ST: Oh, different sources. I've played with a lot of people that have influenced me in that realm—[saxophonist/flautist] Rahsaan Roland Kirk in particular. I've played with B.B. King, I've played with Ray Charles, and [while] coming up, I used to listen to a lot of blues—and not just Albert King, B.B. King and Muddy Waters. I used to love the way [saxophonist] Yusef Lateef played the blues. He was a favorite of mine.

AAJ:You mentioned Rahsaan Roland Kirk—his influence on you is well documented and you started your career with him. I know he introduced you to playing the shells, but I'm curious to know where he learned to play the shells.

Steve TurreST: Well, he didn't really play shells plural; he had a shell. He had all kinds of different sounds, man, he would blow whistles and ring bells and have a siren, and every once in a while he'd just pick up the shell and blow it. It had a real beautiful tone and I was really enthralled by the tone quality, by the sound of it. So he introduced me to the sound of the shell and I got one and started experimenting with it, and I discovered that if I put my hand in there I could change the pitch, and one thing led to another.

AAJ: There's a beautiful Ray Charles tribute on the album, "Brother Ray," and you succeed in capturing the voice of Ray Charles very well, particularly in the plunger solo...

ST: On a lot of my records, he was a big influence. You know, a lot of the younger musicians today are allergic to the blues—and that's the foundation of our music, so I don't quite understand that—but I'm proud to play the blues. I enjoy playing the blues.

AAJ: What do you mean when you say they are allergic to the blues?

ST:They deliberately don't reference it, and in a lot of cases they can't play it, or didn't learn to play it and therefore put it down. They act like it's old, but the blues is an expression of life, and life doesn't get old—life goes on.

AAJ: Do you think that a lot of musicians today associate the blues with outdated, outmoded music?

ST: The blues is never old. You see, there's two kinds of music, good music and there's the other kind. Are you going to tell me that Mozart is outdated? Are you going to tell me that Duke Ellington is outdated and old? I hear a lot of new writers today writing stuff for big bands and I still haven't heard anybody come close to what Duke Ellington wrote.

They can't play it, so they say it's old, but you see there's a trap there, and that is by calling something old and saying, "I gotta be something new," they're setting themselves up because in ten years, what they're doing now—somebody else will say that's old. Why have you got to do something new? Why don't you just do something good? Do something with feeling, something that makes people feel and not just say, "Oh, that's interesting."
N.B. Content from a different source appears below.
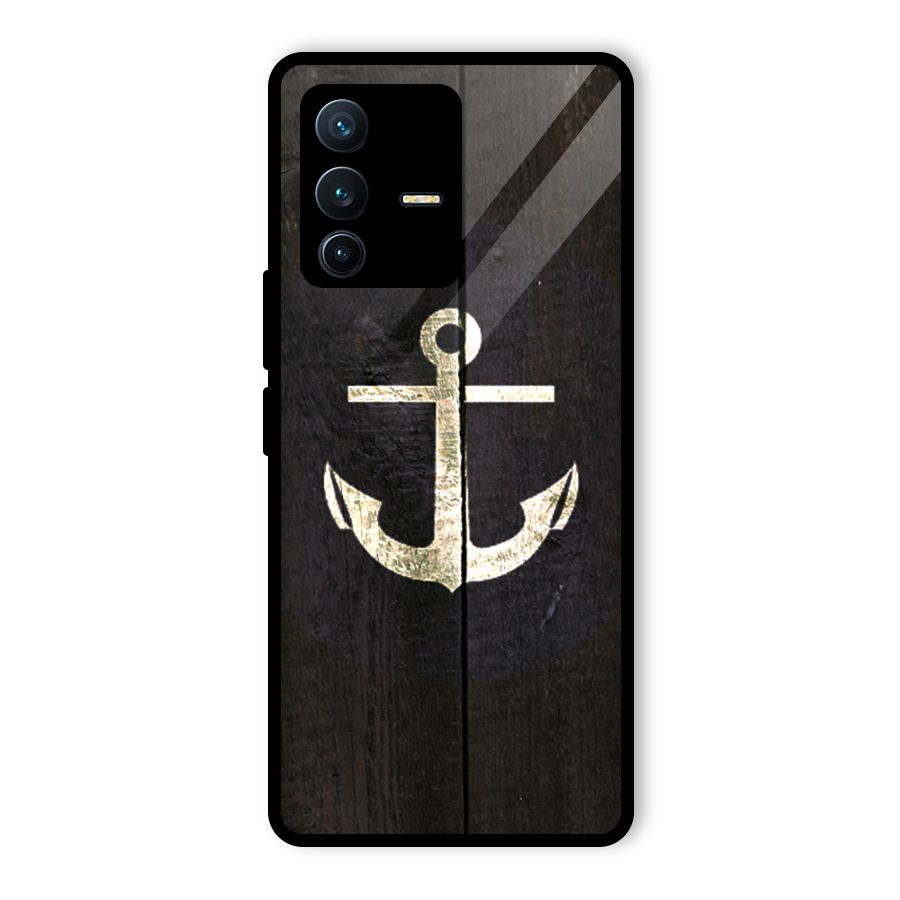 Wood Anchor Glass Back Case for Vivo V23 Pro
AAJ: There's another great tune on the album, "Para El Comandante," dedicated to [multi-instrumentalist] Mario Rivera. He was an exceptional musician, but an unsung figure to a large degree. How would you rate him in the pantheon of Latin jazz musicians?

ST: At the very top, with the greatest of the greats.

AAJ: Why did he only ever record the one album as a leader, El Comandante (RTE, 1996)? Why do you think he was not more prolific as a leader?

ST: That's a good question. I don't know. You know, the music business is a strange thing, but most of the time it doesn't have a lot to do with music. Sometimes it has to do with being in the right place at the right time.

Mario was from the Dominican Republic, not from the United States. He worked his way up to greatness by playing with Machito's band, by playing with Tito Puente's band—all the greats—but I don't think the music business perceived him as a leader, even though he was a leader. He wasn't given that opportunity. He used to have a meringue jazz band that I played in called the Salsa Refugees, which was very innovative. I haven't heard anything like that before or since.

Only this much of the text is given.